You are merely re-asserting an unsubstantiated opinion that flies in the face of the court records. Again, I ask ask, "On what grounds do you make this claim?" Please consider this a first warning to substantiate your assertion. (Merely re-stating it a fourth or fifth time will not count as substantiation.) I have studied every appealed ODR court case that was ever held. Not one targeted people of "known mixed ancestry." Not one. If you have uncovered one, now is the time to bring it forth. You have 24 hours.

Salsassin wrote:
If someone could prove beyond a legal standard that they did not have the ancestry in question they were excused.
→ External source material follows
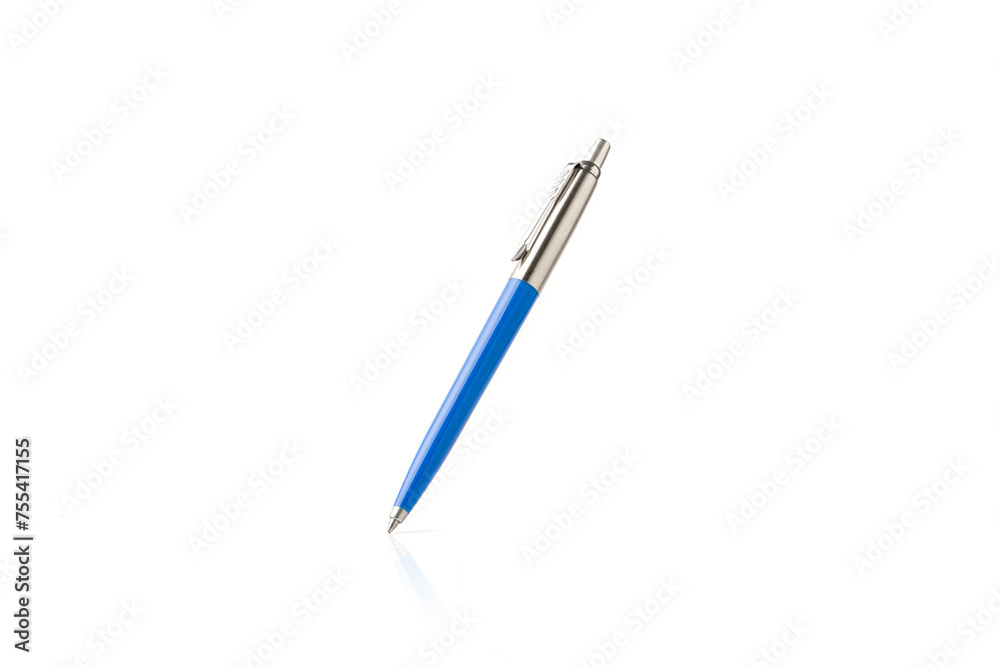 Blue plastic and metal ballpoint pen on white isolated background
That is factually inaccurate. The only acceptable legal standard was to prove that you had no African ancestry, no matter how far back. Even judges complained that this was impossible. Hence, once accused, no one could get off the hook. Indeed, once brought into court, no one ever did. Not one. If you have uncovered a case where someone was "excused" by "proving beyond a legal standard that they did not have the ancestry in question," now is the time to bring it forth. You have 24 hours.

Salsassin wrote:
No court decision necessary if the ancestry was obvious in the face.

If African ancestry was visible, then it was not the ODR. See the definition of ODR in The Rules 3.3.10. The ODR only refers to people who look completely European.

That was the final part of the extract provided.